Elle pleura toute la nuit : ce fut une de ces nuits où le torrent des larmes balaye en nous tout ce qui n’est pas diamant, à supposer que notre carcasse comporte une parcelle adamantine. Si elle pleurait avec une aussi délirante constance, c’est qu’elle sentait la nécessité de noyer cette pitié pour sa propre personne qui avait été l’aliment de son douloureux amour. Ceux qui ont du cœur pour la lutte ne pleurent pas de la sorte.

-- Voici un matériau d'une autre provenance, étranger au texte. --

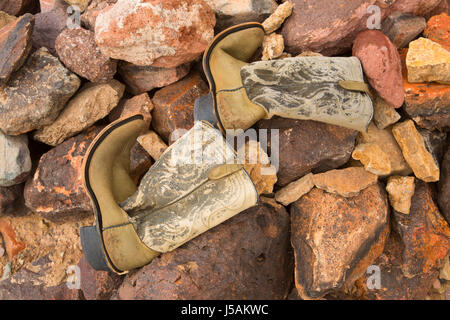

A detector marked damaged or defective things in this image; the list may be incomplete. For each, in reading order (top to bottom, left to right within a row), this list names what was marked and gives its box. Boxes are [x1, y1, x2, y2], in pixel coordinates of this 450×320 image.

Au matin, elle n’était plus qu’un fossé desséché de larmes : elle ne s’apitoyait plus sur son propre compte et se croyait indifférente ; en d’autres termes, elle ne se sentait plus de forces pour la lutte ; la réalité était trop forte !

Ses sœurs vinrent la supplier de céder : épousant Alvan, à quel avenir allait-elle condamner les belles-sœurs d’un homme pareil ? Lotte devrait renoncer au mariage avec le comte Walburg ; l’infamie du nom d’Alvan ferait de leur maison un lazaret et d’elles-mêmes des réprouvées.

Elle subit ensuite l’assaut d’un frère favori, dont la sympathie déchaîna à nouveau le flot de ses larmes, et qui l’accabla d’arguments irréfutables. Comment le beau-frère d’un infâme démocrate Juif pourrait-il garder la tête haute dans son régiment ? Il serait contraint de renoncer au service ou de se battre tous les jours avec ses camarades qui, à tort ou à raison, abhorraient tous Alvan. L’alliance de cet homme leur serait fatale et compromettrait surtout la carrière militaire et diplomatique de leur père, dont la vie serait brisée.

À défaut de répliques, Clotilde trouva des larmes nouvelles, larmes de pitié maintenant pour sa famille autant que pour son amant lointain. Elle se sentait déjà séparée de lui, avec un cœur sec et vide, comme ceux que déserta toute pitié pour eux-mêmes. Impuissante désormais à s’apitoyer sur son propre compte, malgré une secrète et persistante inclination, elle éprouvait un languissant désir de bien-être matériel. Après son rude châtiment, elle souhaitait les caresses des siens. Elle avait soif de marques d’affection qu’elle savait pourtant intéressées, mais qui apportaient à sa triste expérience un parfum de la vie d’autrefois. Alvan était parti. La pauvreté d’imagination de Clotilde lui représentait ce départ comme un définitif abandon et comme le glas de leur amour. Il était parti ; il avait commis une faute irréparable ; il avait fui la lutte provoquée par sa folle présomption et qu’il jugeait trop redoutable ; il n’était mi l’amant qu’il se croyait, ni le maître des hommes qu’elle avait cru.

Dans son découragement profond, Clotilde ne put supporter la vue d’un des portraits d’Alvan ou d’un souvenir quelconque qui le lui rappelât. Celui qui eût dû être près d’elle était parti et ne pouvait la défendre contre les assauts terribles qui la laissaient presque sans vie. Elle se sentait abandonnée, et faute d’imagination, crut qu’il ne lui restait plus rien à faire qu’à retomber sur les siens. Elle fit sa soumission à sa mère. Dans la lutte suprême contre une faiblesse qui parlait tour à tour au nom de son amour ou de sa lâcheté, elle interpréta ainsi sa défaite : « Il peut venir ; s’il vient, en effet, je serai à lui ; sinon, c’est aux miens que je me dois. »

Il lui avait appris à compter aveuglément sur lui, et elle lui obéissait passivement jusqu’à se libérer de lui. C’est la même confiance qui pousse le croyant à promettre au saint sa foi s’il veut seulement se manifester. Clotilde, en tout cas, se soumit. D’où grande joie dans la famille, dont elle goûta les caresses.